— WHAT NEEDS TO BE DONE —
Restate word for word only the lines from the one with "2706 Bradford Commons" through the end of the records; no pictures belong in the copy.

— TASK MATERIAL —

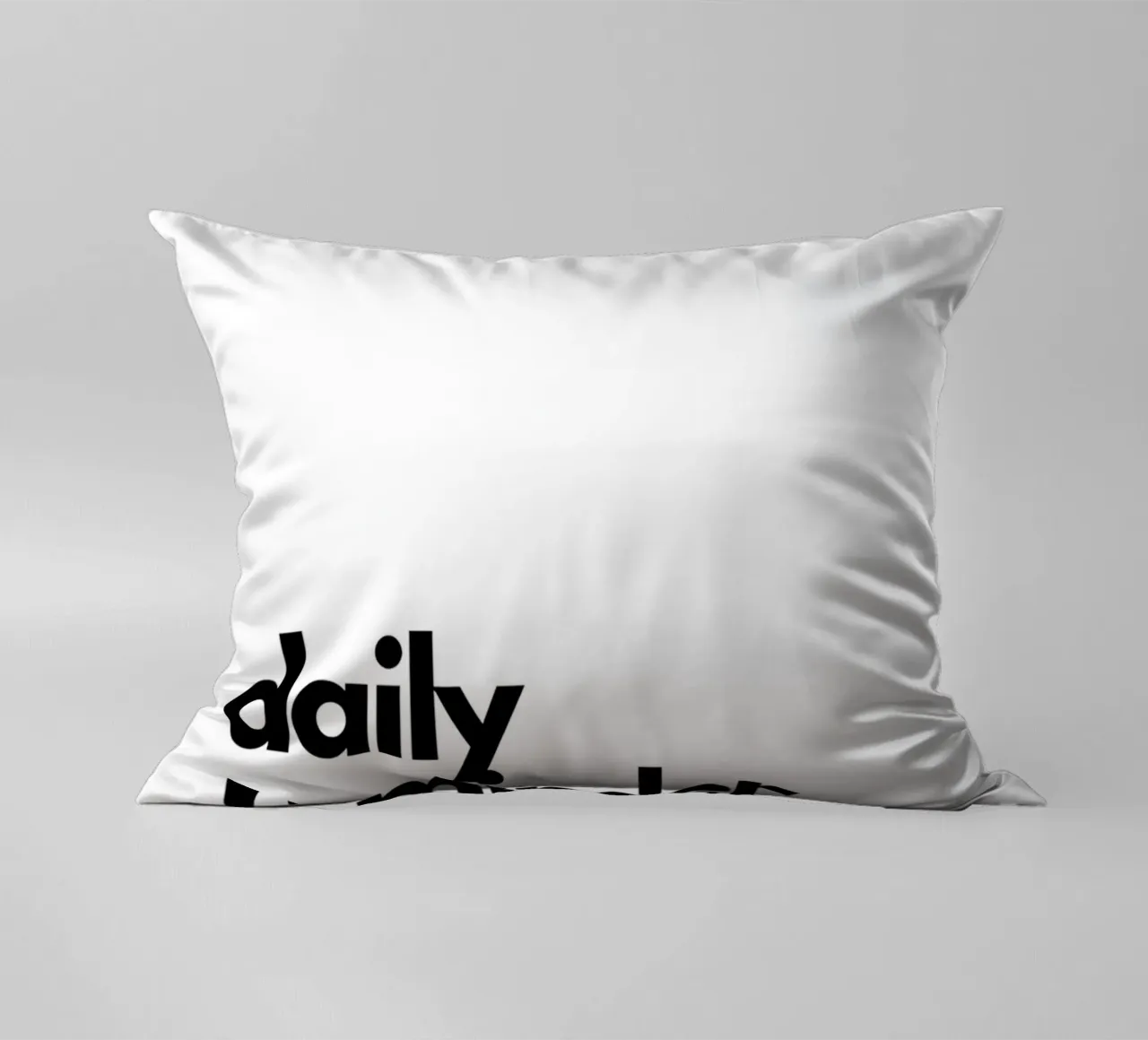 "daily reminder" cuscino da Type & Tape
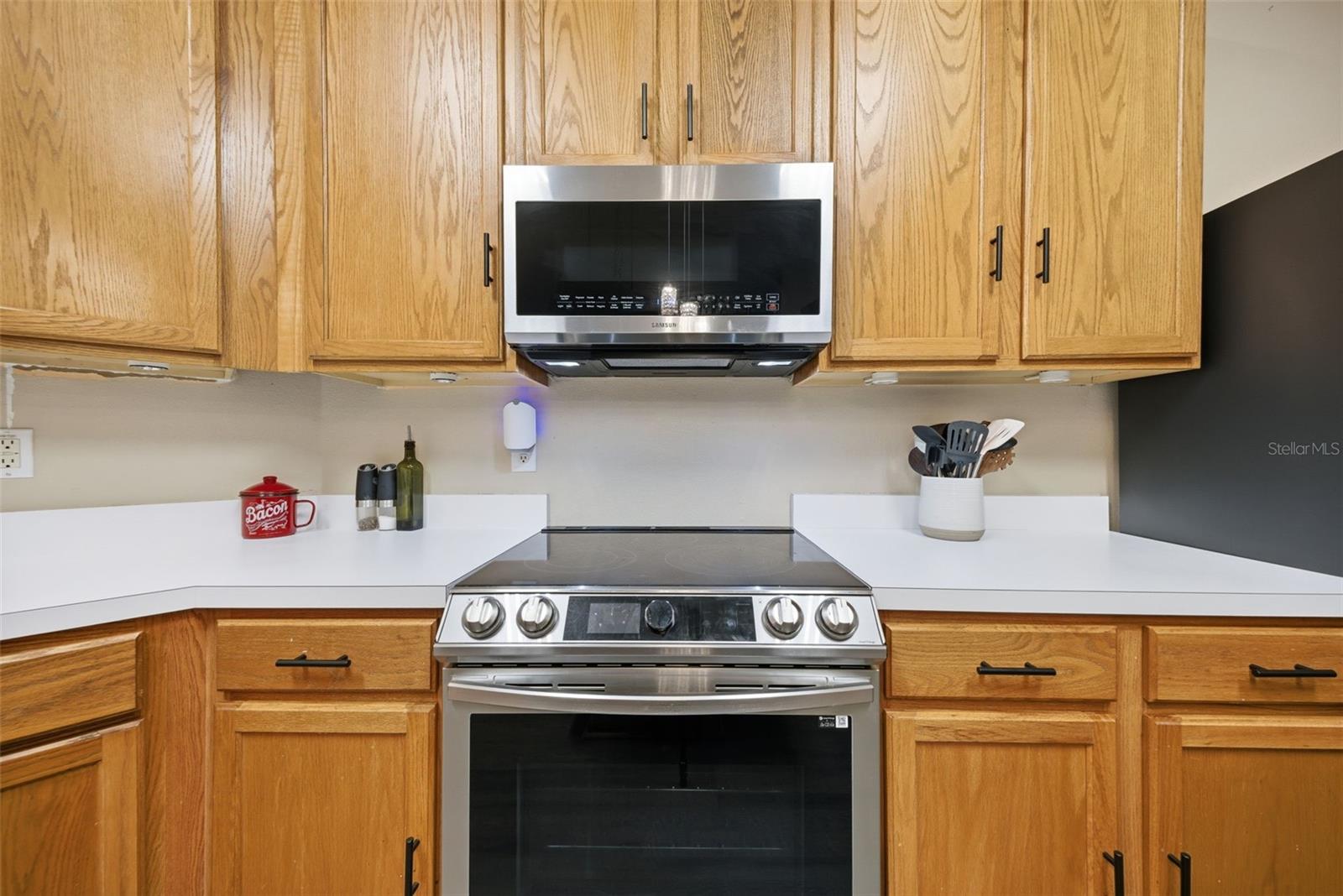 LEXINGTON OAKS VILLAGE 27 - Residential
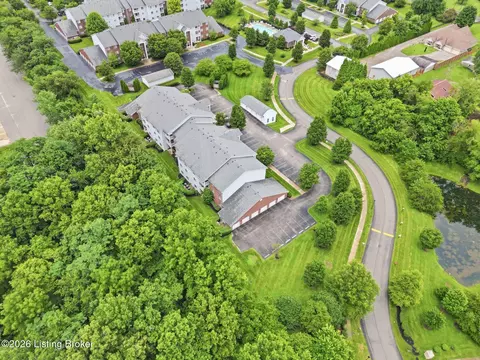 2706 Bradford Commons Dr #202, Louisville, KY 40299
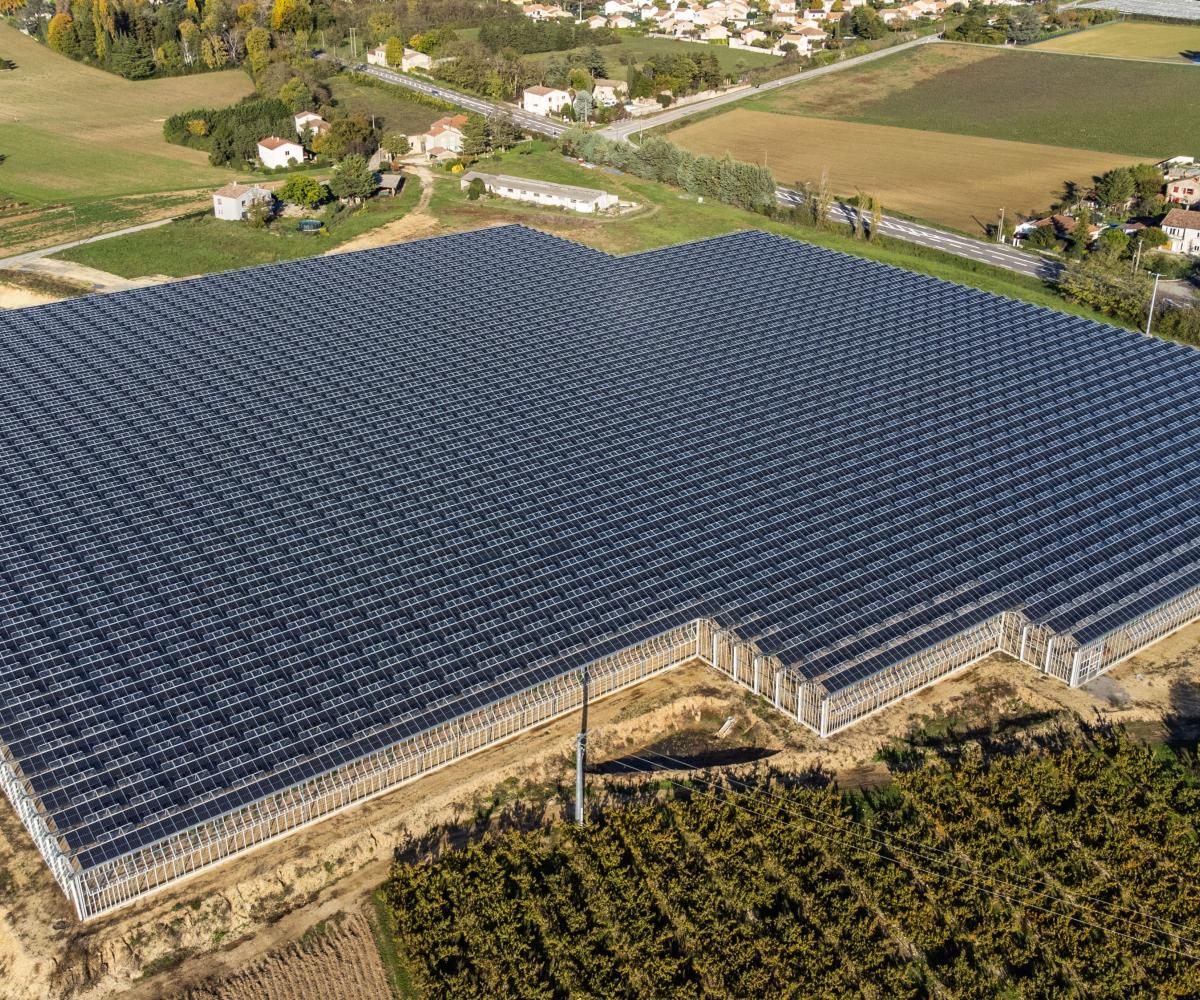 Serres photovoltaïques et Agrivoltaïsme - Panneaux solaires pour l'agriculture - Solutions d'énergies renouvelables pour les agriculteurs, industriels et collectivités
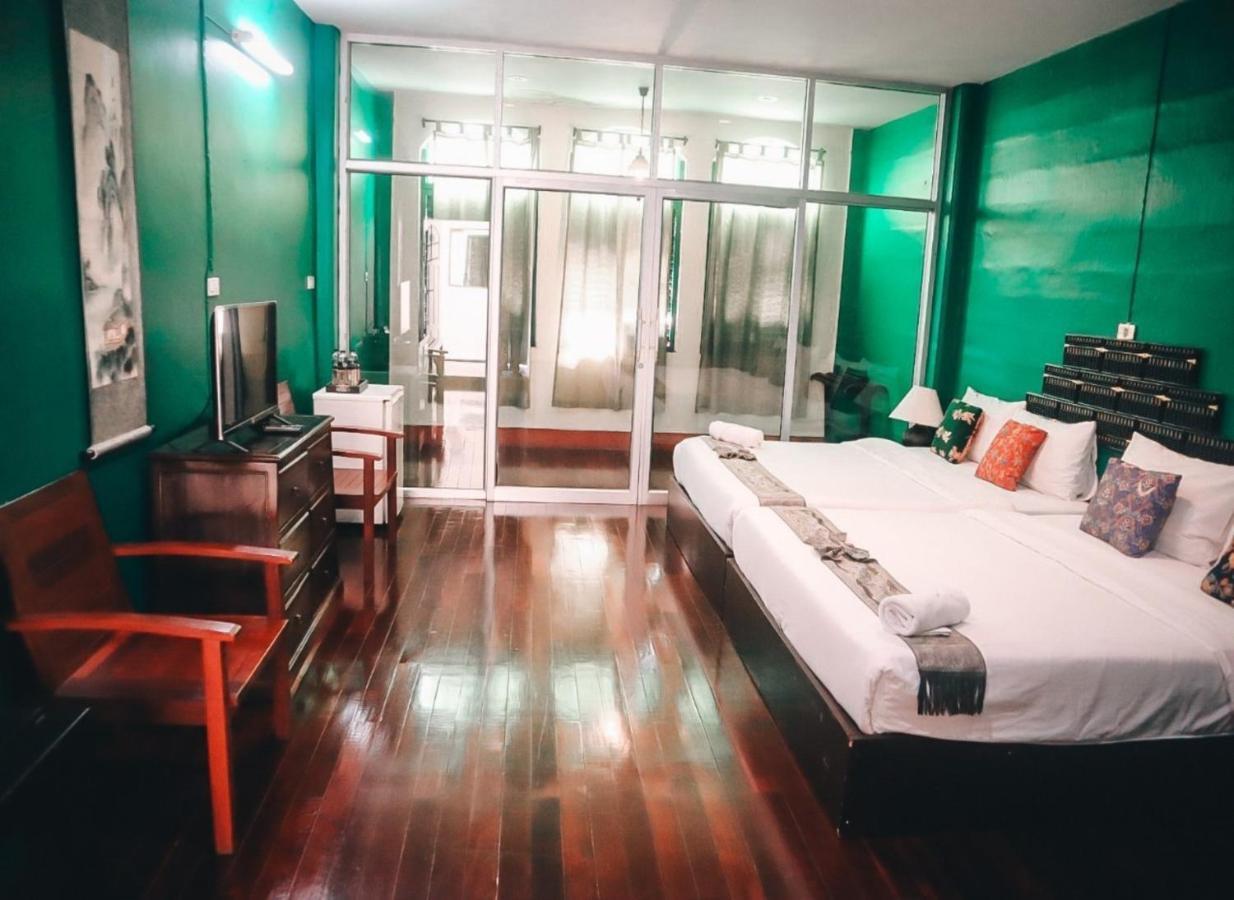 Thaweesuk Heritage Homestay Phang Nga Extérieur photo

— RESULT OF THIS EXERCISE —
 2706 Bradford Commons Dr #202, Louisville, KY 40299
 Serres photovoltaïques et Agrivoltaïsme - Panneaux solaires pour l'agriculture - Solutions d'énergies renouvelables pour les agriculteurs, industriels et collectivités
 Thaweesuk Heritage Homestay Phang Nga Extérieur photo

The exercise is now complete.